Passei anos sem brincar, mas com aquela angústia de ver minhas irmãs se esbaldando na festa do Momo. Tive também o tempo de afastamento voluntário do carnaval, pois as pessoas ao meu redor não gostavam. Era o tempo dos acampamentos. Nessa época foi muito bom descobrir outras formas de vivenciar os quatro dias de suspensão. No final da década de 70, tivemos temporadas em Baía Formosa, nas casas de Glauce Caldas, Guilherme Faulhaber, Décio (que saudade!) e Yeda Moura, Marcone Serpa, Bitu. E viva Dona Regina e Dona Vandete, as primeiras-damas da bela enseada potiguar...
Devo mencionar, também, os carnavais nas praias de Pipa (RN), Canoa Quebrada (CE) e Francês (AL). Tivemos a sorte de usufruir esses paraísos da orla quando ainda eram vilas de pescadores, com direito a peixe fresco, farofa de alho, bobó de camarão, dança de papangu, carapeba frita na hora, cachaças São Paulo e Rainha. Em Canoa, lembro do banho de lata e o por do sol mais lindo daquelas dunas.
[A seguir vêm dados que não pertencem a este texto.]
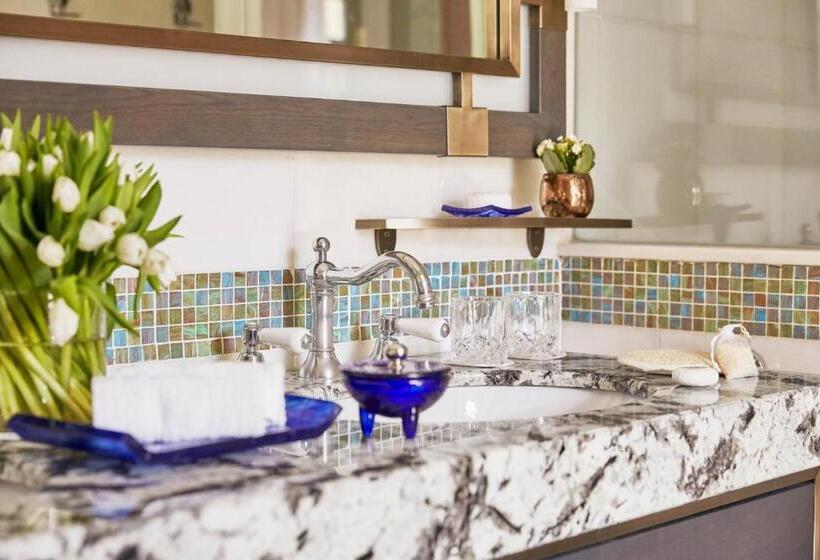 اتاق سوپریور با تخت بزرگ, Four Seasons Hotel Istanbul At Sultanahmet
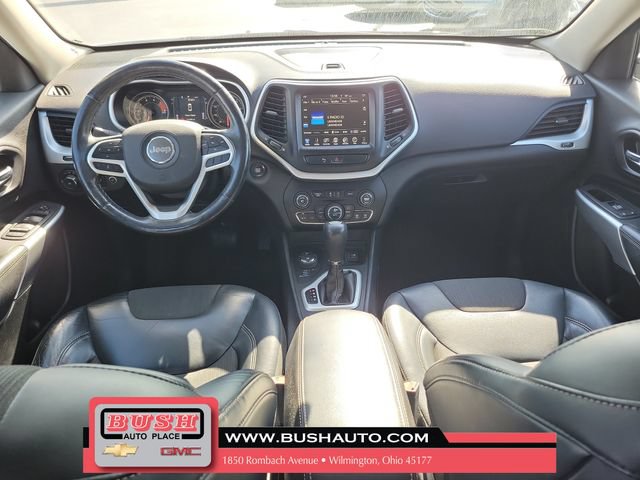 Used 2018 Jeep Cherokee Latitude Plus w/ Comfort/Convenience Group AWD/4WD image 10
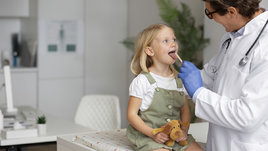 Девочка на приеме у педиатра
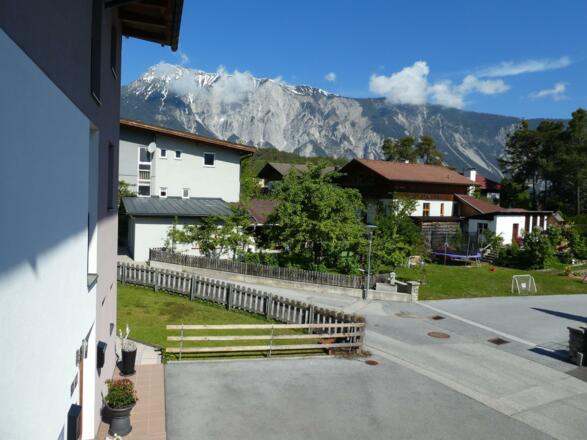 Hausansicht mit Bergblick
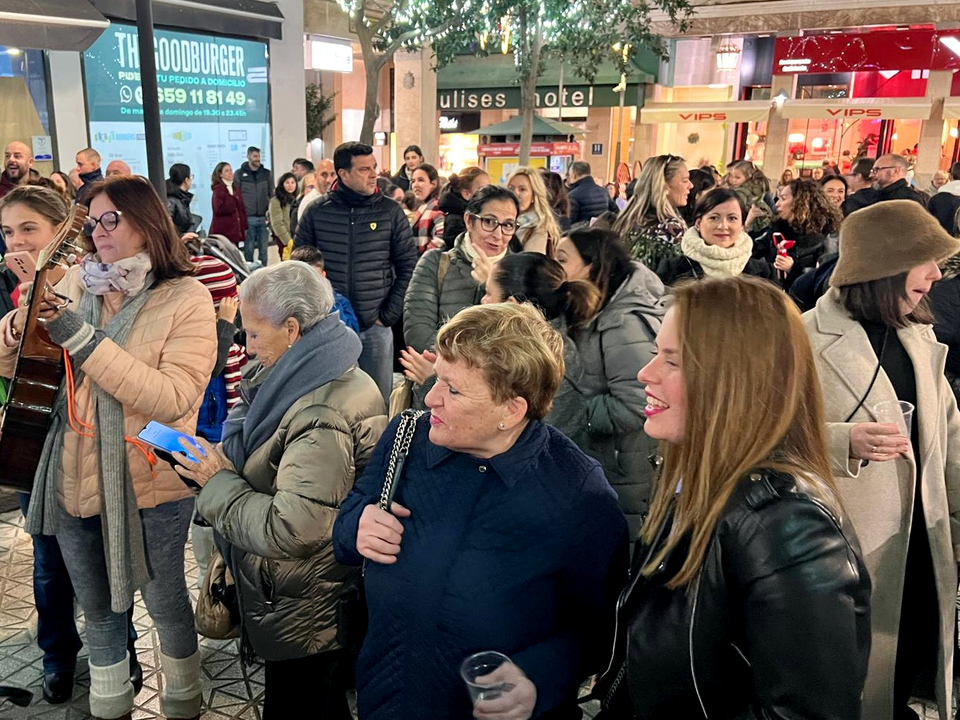 Polvoron&aacute; infantil en la plaza de Espa&ntilde;a (13)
Passaram-se os anos e recuperei o tempo perdido com o carnaval de Olinda . As ladeiras, os blocos “Eu Acho é Pouco”, “Siri na Lata” e toda a turma do Funil... o "Maracatu Rural", cujo som poderoso fazia com que me arrepiasse a cada chocalho. A festa da histórica e linda cidade pernambucana representou, para mim, a volta ao prazer de brincar, de me pintar e de sair atrás do bloco, dos bonecos gigantes e das marchinhas em ruas estreitas, mamulengando pelos quatro cantos de Alceu Valença.
Até que, por conta de um poema de Vitória Lima, chegaram As Muriçocas na capital paraibana. Veio, então, a oportunidade de ter tudo o que sonhei para o meu carnaval particular: bloco de rua, gente, fantasia, pancake na cara, purpurina, e o sangue fervendo com os frevos ou qualquer outro batuque. Ao longo desses (cerca de) 30 anos, desci ladeira abaixo, ao som do trio de Fuba, mas também sempre andando em marcha ré e indo em busca de outros trios.
Foi um luxo ver, nas madrugadas de anos atrás, o show de Alceu Valença e sua Morena Tropicana , além da guitarra endiabrada de Moraes Moreira. A folia também teve a participação de Diana Miranda (um espetáculo de Índia Tabajara) e de Chico César, com a magia de Mama África e todo o repertório especial a la Catolé. No percurso, encontrei de tudo: amigos, colegas, anônimos, bêbados e equilibristas. E Para não dizer que não falei de flores , cantada por Chico, foi emocionante — 68 à vista! Vitória Lima de Porta Estandarte e Marina, sua neta, a mais nova Muriçoquinha, hoje moça feita, que de musa de inspiração e poesia já se deu a uns choramingos no portão. Já na praia, exausta e com as carnes trêmulas, tive que me render aos limites do corpo. Não consegui esperar Renata Arruda e Davi Moraes, infelizmente. Em meio a uma calçadinha apinhada de gente, uma beira de mar exuberante e uma lua pela metade, tomei o caminho de casa: banho, comidinha gostosa e uma cama quente me esperavam. Meu cobertor de orelha também...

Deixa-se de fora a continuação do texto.